More than 90 percent of the data that exists was produced in the last two years, and we’re generating 2.5 quintillion more bytes every day. The Data Revolution is here, regardless of how prepared you are. And this revolution, like those that came before it, is not simply advancing our economic and social progress, but outmoding ways of business and understanding on a global scale.
You can’t let fears of governance issues or the mess of massive datasets dissuade you from tackling your data. It isn’t just changing our business capabilities, governments, and technology, it’s changing the way we inhabit, consider, and impact the world. In order to consider the potential impacts of this revolution, let’s take a quick history lesson about the previous economic revolutions
The Industrial Revolution and the Machine Age
The Industrial Revolution (1760-1840) centered around the automation of farming practices, the invention of the sewing machine, and improved food preservation systems. Coupled with improved transportation systems driven by steamships and railways, consumer goods and food no longer needed to be locally produced or an extreme luxury.

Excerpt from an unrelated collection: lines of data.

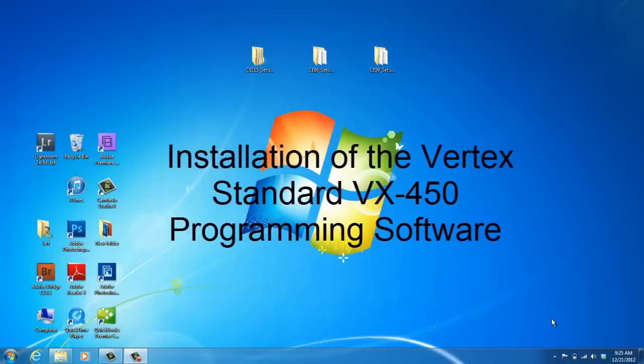Hello, my name is Joy with 2A Radio Center. Today I'm going to show you how to install the VX450 series programming software on your computer.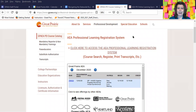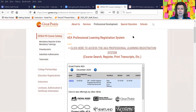Welcome to Great Prairie AEA's professional development page. In this video, I'm going to be showing you how to access the AEA Professional Learning Registration System, which is a statewide system where educators such as teachers, paras, administrators, and substitutes go to find professional development to get renewal credit to renew their licenses.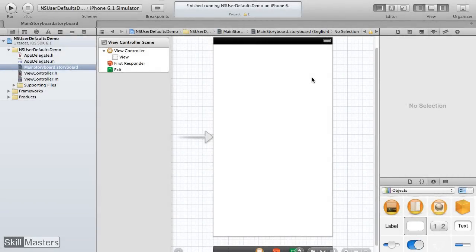In this lesson, we're going to show a simple way to save data to the device. We'll build a simple application that allows the user to select a color preference, save that preference to the device, and then when the application launches later, that color preference will be displayed to the user.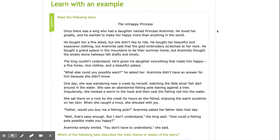The king couldn't understand. He'd given his daughter everything that made him happy — a fine horse, nice clothes, and a beautiful palace. "What else could you possibly want?" he asked her. Eraminta didn't have an answer for him, because she didn't know.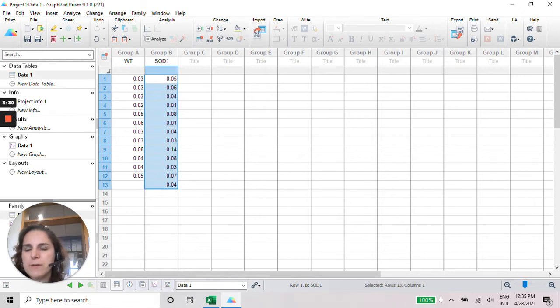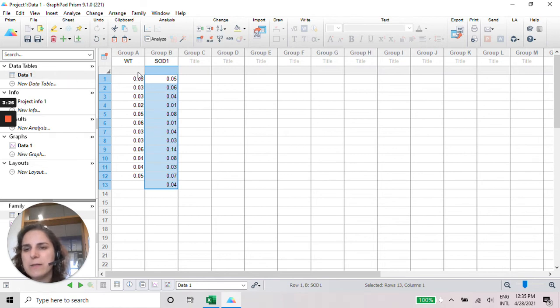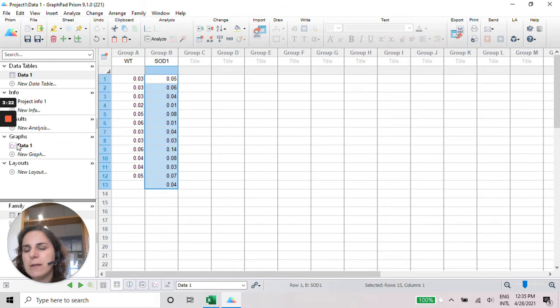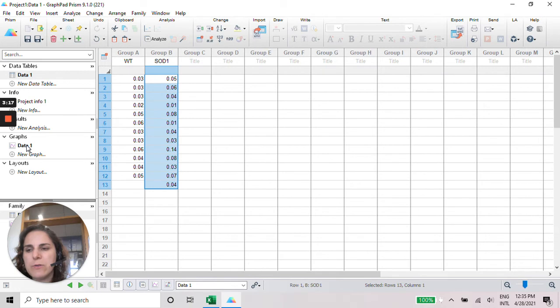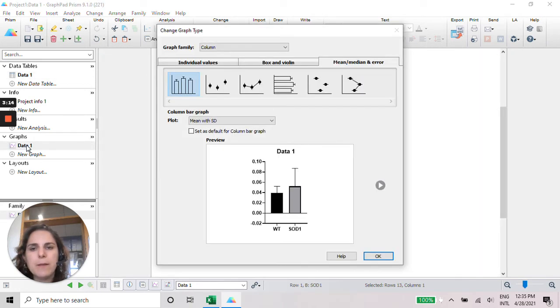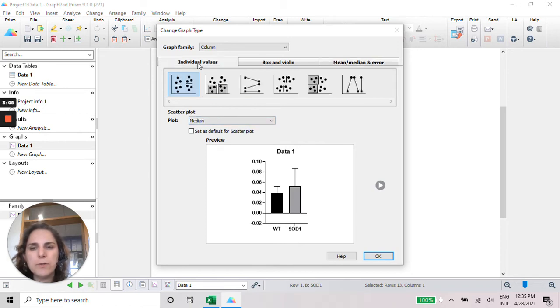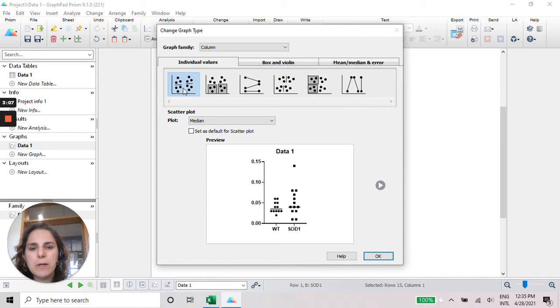After this is done, we can go to the... So we added this in the Spreadsheet Data 1. And that's going to be represented in the Data 1 graph. So we just need to click in here.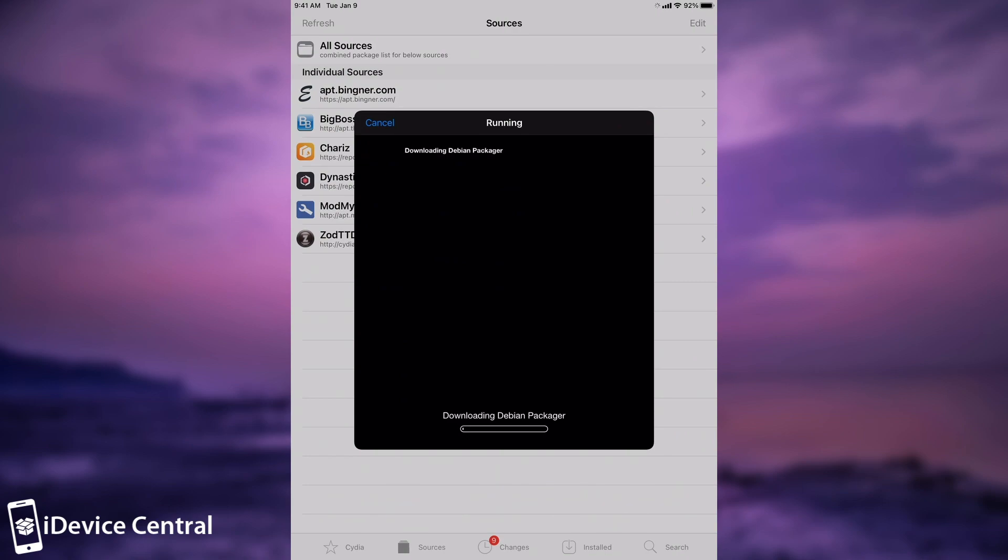That's basically it. This is how you jailbreak iOS 14. You can see it works and installs the packages. We have a jailbreak for iOS 14 on select devices just days after the iOS 14 release.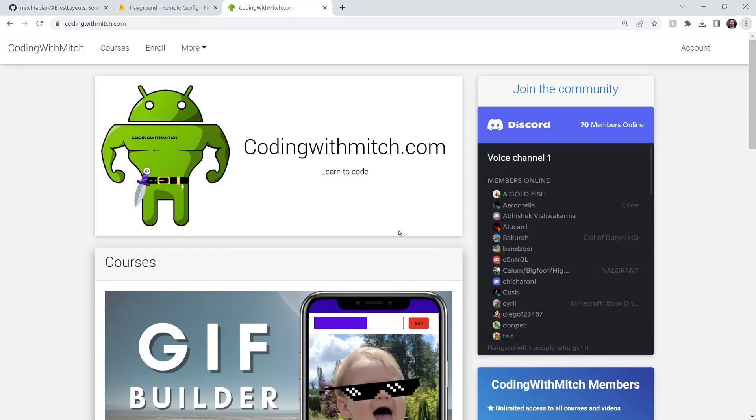Hopefully it was helpful. The code will be down below in the description of the video. And before you go, no Coding with Mitch video would be complete without me advertising my courses. If you want to learn more about Android development, I have many courses on my website — head on over to codingwithmitch.com.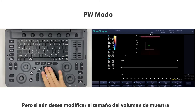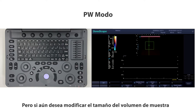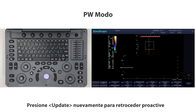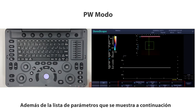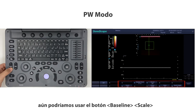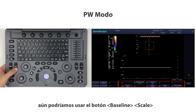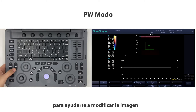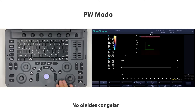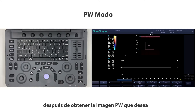If you want to modify the size of the sample volume, press Update again to return to the pre-active state. Besides the parameters list displayed below, you can use the baseline scale button to help modify the image. Don't forget to freeze after you get the PW image you want.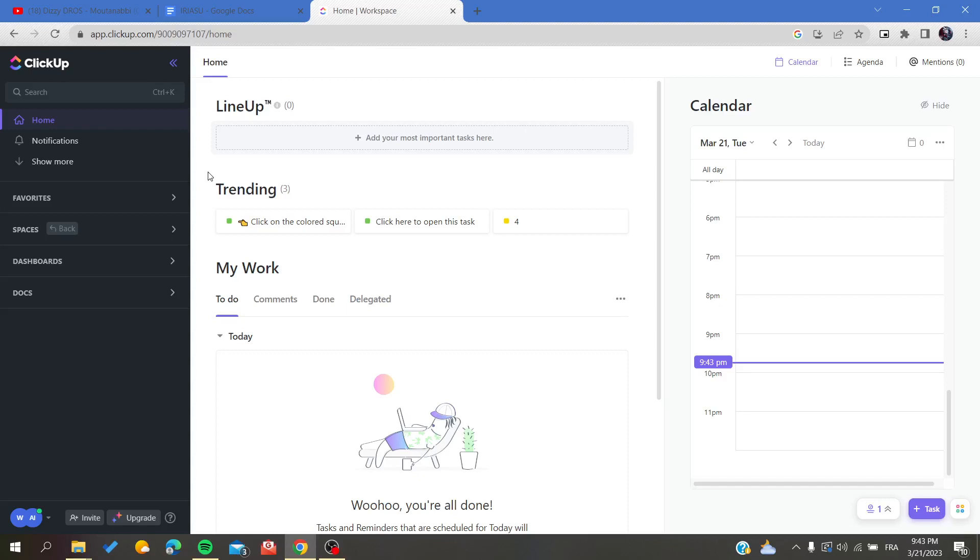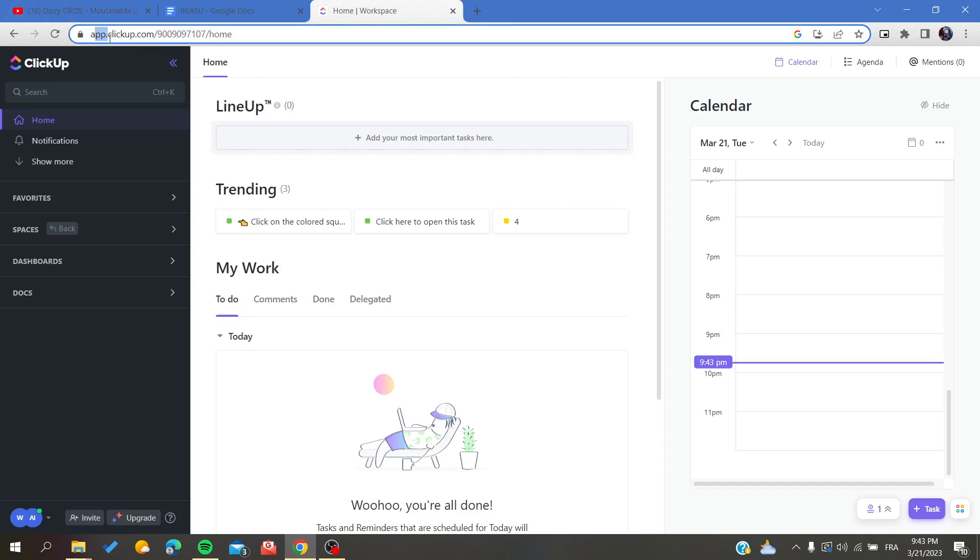Hello guys and welcome to a new brand video. Today I'm going to show you how to select all tasks in a list in ClickUp. The first thing that you need to do is to go to the ClickUp website by going to your browser and searching for app.clickup.com.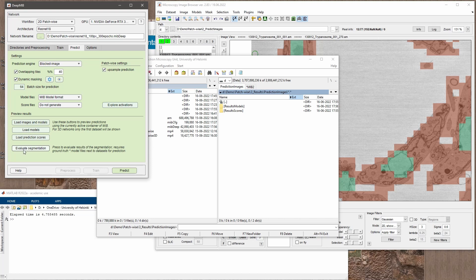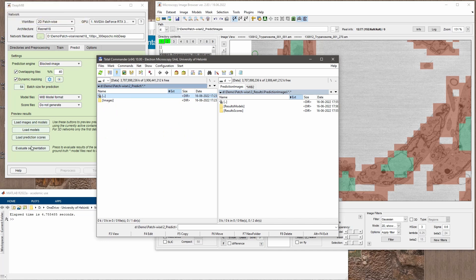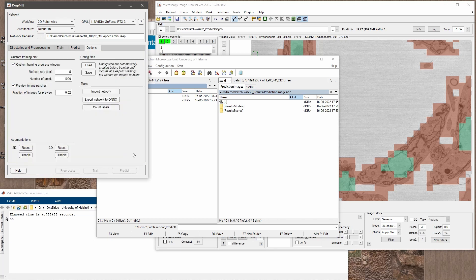We can also evaluate segmentation — if we have labels in the predict folder, we can use 'Evaluate Segmentation' to find out what percentage of the prediction was correct. That's pretty much everything about patchwise segmentation. It's useful for quickly finding out whether you have a particular object in your dataset. Thank you very much for your attention, bye bye.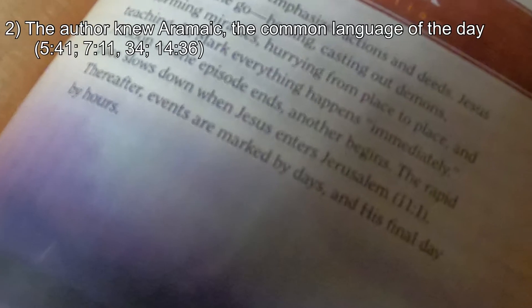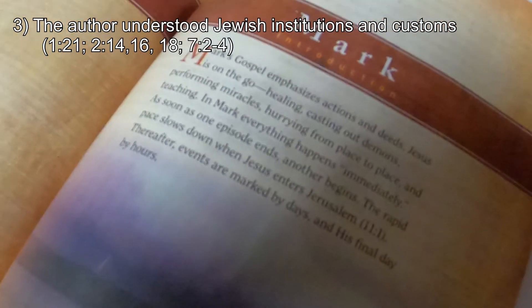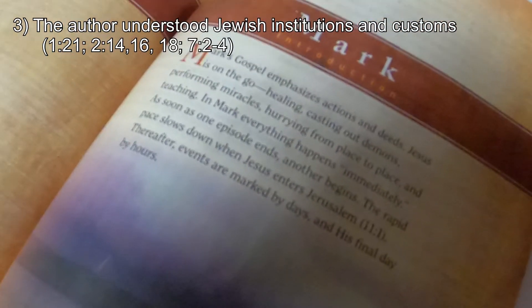The second piece of internal evidence is that the author knew Aramaic — the common language of the day — and John Mark was familiar with that language. We see this in Mark 5:41, Mark 7:11 and 7:34, and Mark 14:36. Number three: the author understood Jewish institutions and customs, as seen in Mark 1:21, Mark 2:14, Mark 2:16, Mark 2:18, and Mark 7:2-4.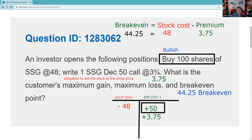The maximum gain — this is the disadvantage of a covered call: you don't participate past the strike price. Think of options as floors and ceilings; there's a ceiling at 50, so you have to give up the stock at 50. The max gain is the difference from 48 to 50 — two points — plus the three and three quarters, giving a maximum gain of $575, or five and three quarters points. You can track this with the T, or memorize that max gain equals the strike price minus the break-even: 50 minus 44 and a quarter equals 5.75.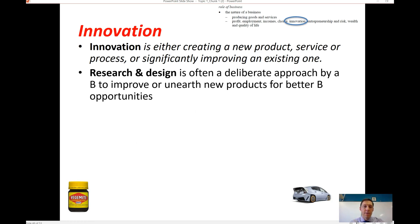Research and development, or R&D, is often a deliberate approach by businesses to improve or unearth new products. Businesses spend a huge amount of money on R&D — particularly companies like Google, software companies, and mining companies, which spend hundreds of millions of dollars. For a mining company, innovation might mean finding a new deposit of iron ore or coal.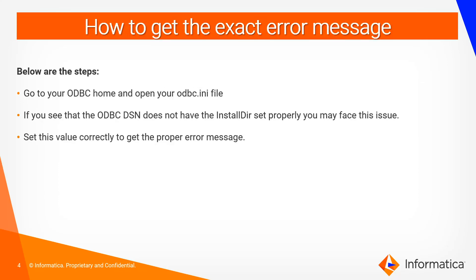So how do we actually get that exact error message? You need to go to your ODBC home and check your ODBC INI file. In the ODBC INI file you will see a DSN named ODBC, and in that particular DSN you will have one entry named install DIR. If that particular entry is not being set properly then you may face such issues. You should point it to the ODBC home directory and once you set it properly you will start getting the proper error messages.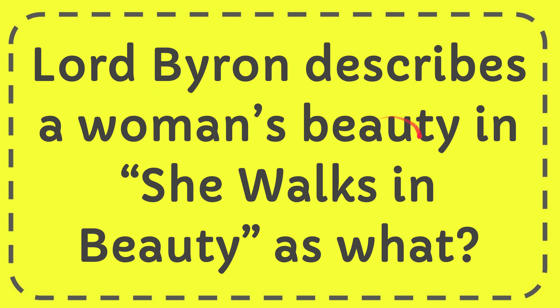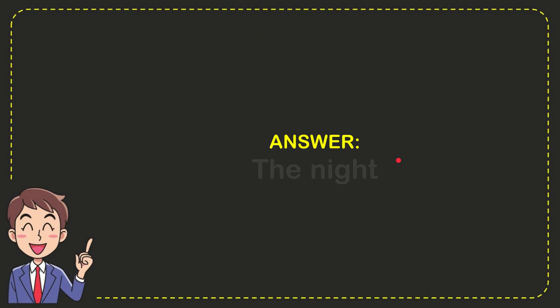In this video I'm going to give you the answer for this question. The question is: Lord Byron describes a woman's beauty in 'She Walks in Beauty' as what? I want to give you the answer for this question and the answer for the question is the next. So that is the answer for the question.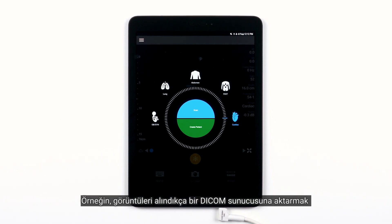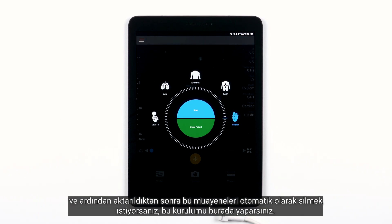If, for instance, you want to automatically export images to a DICOM server as they are captured, and then auto-delete those exams after they are exported, this is where you would set that up.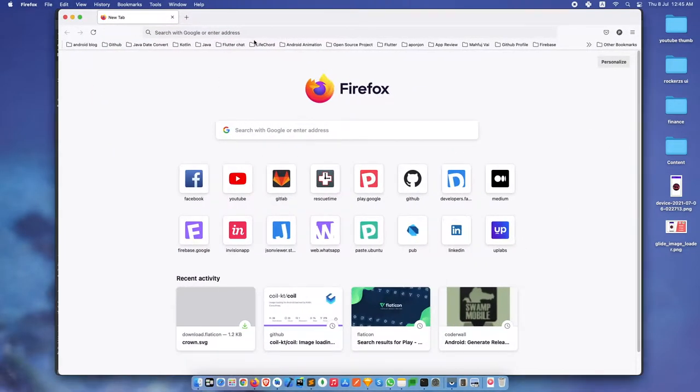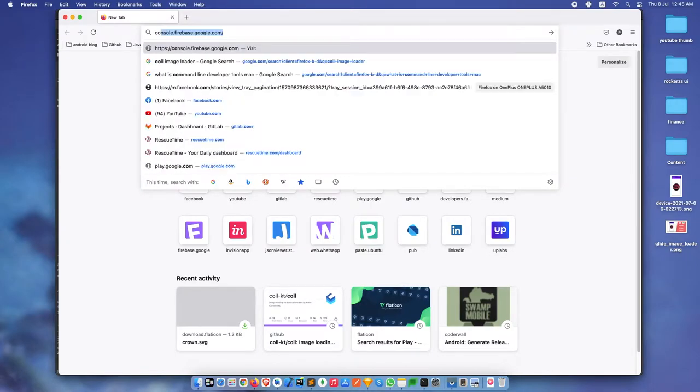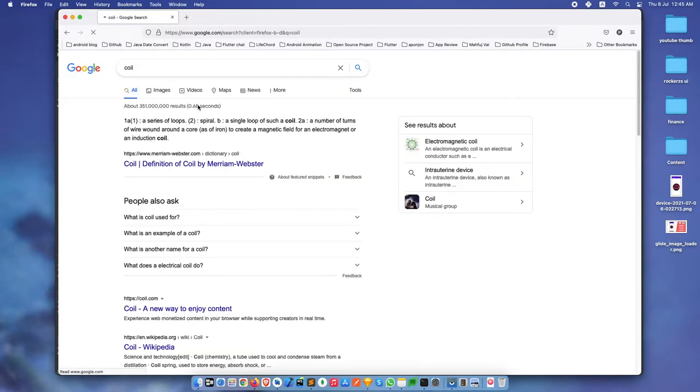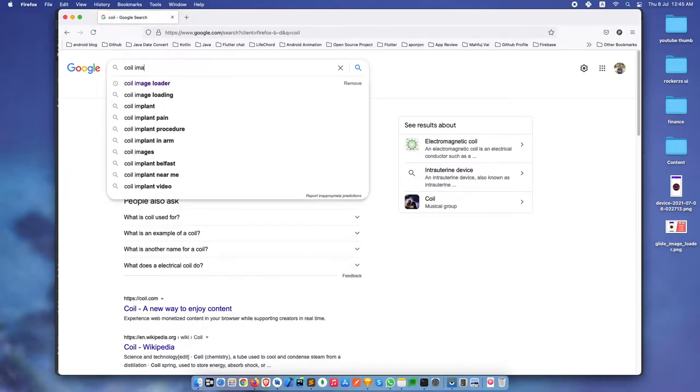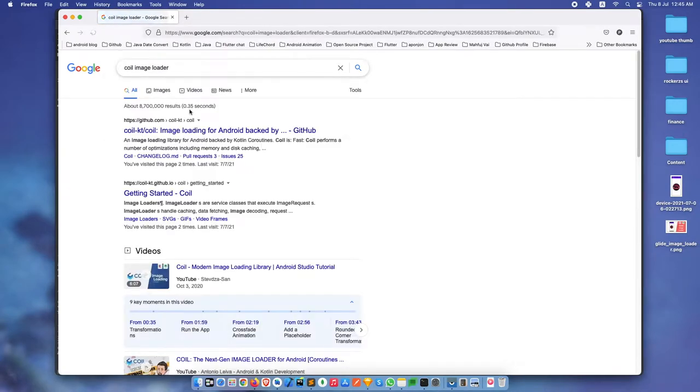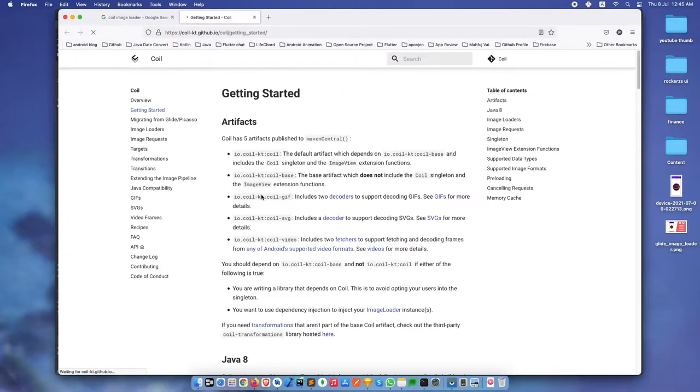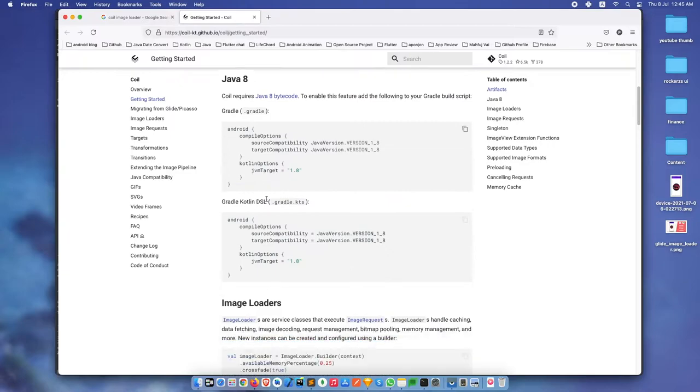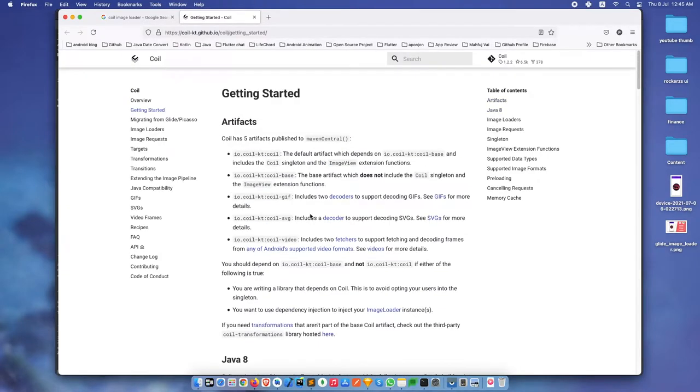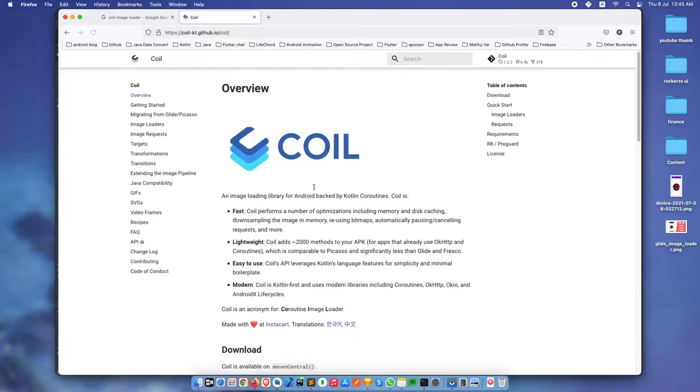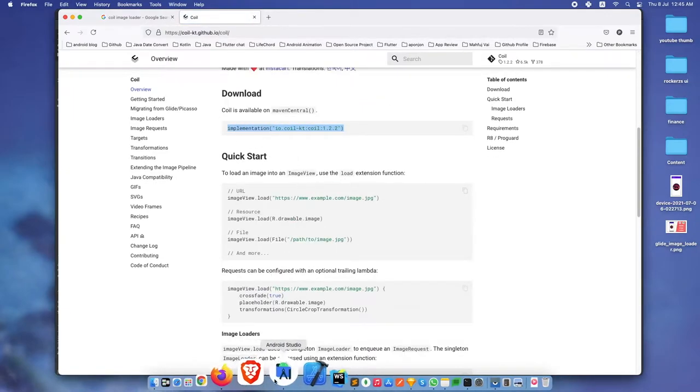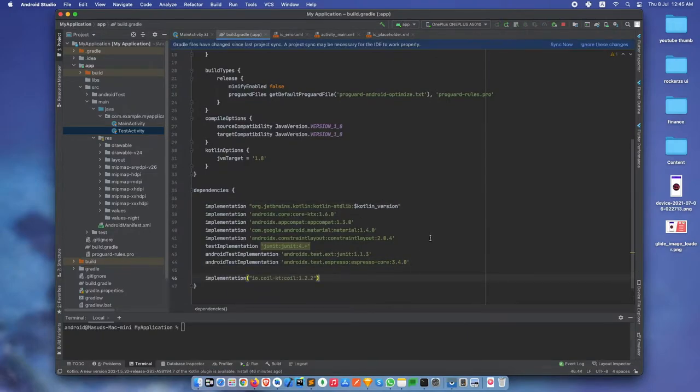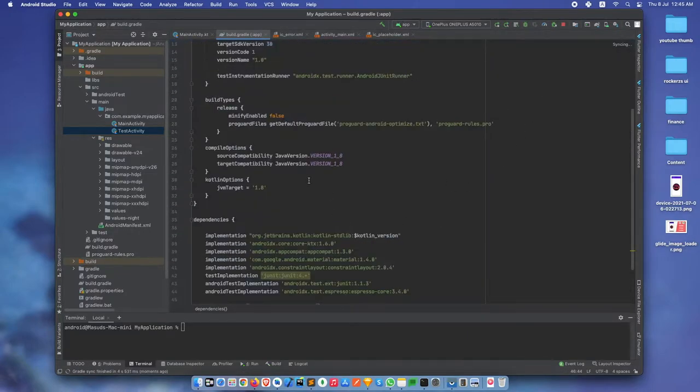First we need to add the Coil Gradle dependency. Let's copy this Gradle dependency and paste it in the application Gradle file and sync.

Electricity and the assembly line powered the Machine Age (1880-1945). Almost overnight, the creation of overcapacity was possible. Excess was no longer relegated to the elite. Data leaders face a similar problem now, with more data than they can download, let alone wrap their heads around.
One key takeaway from these revolutions is that progress always outpaces questions of ethics and human need. The economist Michael C. Jensen explains that, while these revolutions increased aggregate welfare, “the large costs associated with the obsolescence of human and physical capital [generate] substantial hardship, misunderstanding, and bitterness.” Whenever jobs and skill sets are threatened,—whether by a sewing machine or AI—there is a lot of fear and potential for harm.
The Digital Revolution
The Digital Revolution (1960-1990s) brought us from the hardware world into the realm of software and instantaneous communication. We developed renewable energy systems and brought computing from the purview of governments and universities into our homes and pockets.
The Digital Revolution has become enjambed with the subsequent Data Revolution, which creates more responsibilities than anything else. While we look forward and aspire to leverage the magic of data, we must also cement the ideals and goals of the previous revolution that we want to keep. As Moore’s Law becomes unsustainable, how can we improve semiconductors, or what must be revolutionized to create further computing advances? What political and organizational changes need to occur to make green energy a viable alternative? What about the Internet do we need to safeguard, and what must we destroy to apotheosize the platform?
The Data Revolution
The fourth Industrial Revolution is only just picking up speed. We have more information than we can handle, and all the challenges that come with our bounty. Just as railroads, refrigeration, electricity, and semiconductors disrupted human productivity and business models in past revolutions, now the neural nets and deep learning models of the Data Revolution (2000s - Present) are faster and smarter than we can ever be. Data is changing the ways that we eat, sleep, date, work, and conceive of ourselves. And just as in past, ethical concerns and fear are bedfellows with vast potential gains and visionary creations. With this advancement has come concerns about over-connectivity and decreasing attention spans.
This is not the first revolution, and it won’t be the last. And while we may be more self-aware than we were in the past, each revolution has been conscious of itself, while remaining unequipped to dream big enough. In the early years of computing, IBM President Thomas Watson said that he thought “there [was] a world market for maybe five computers.” We are more self-aware of the consequences of the Data Revolution, but we need to act—as individuals and organizations—to build the future we want to see.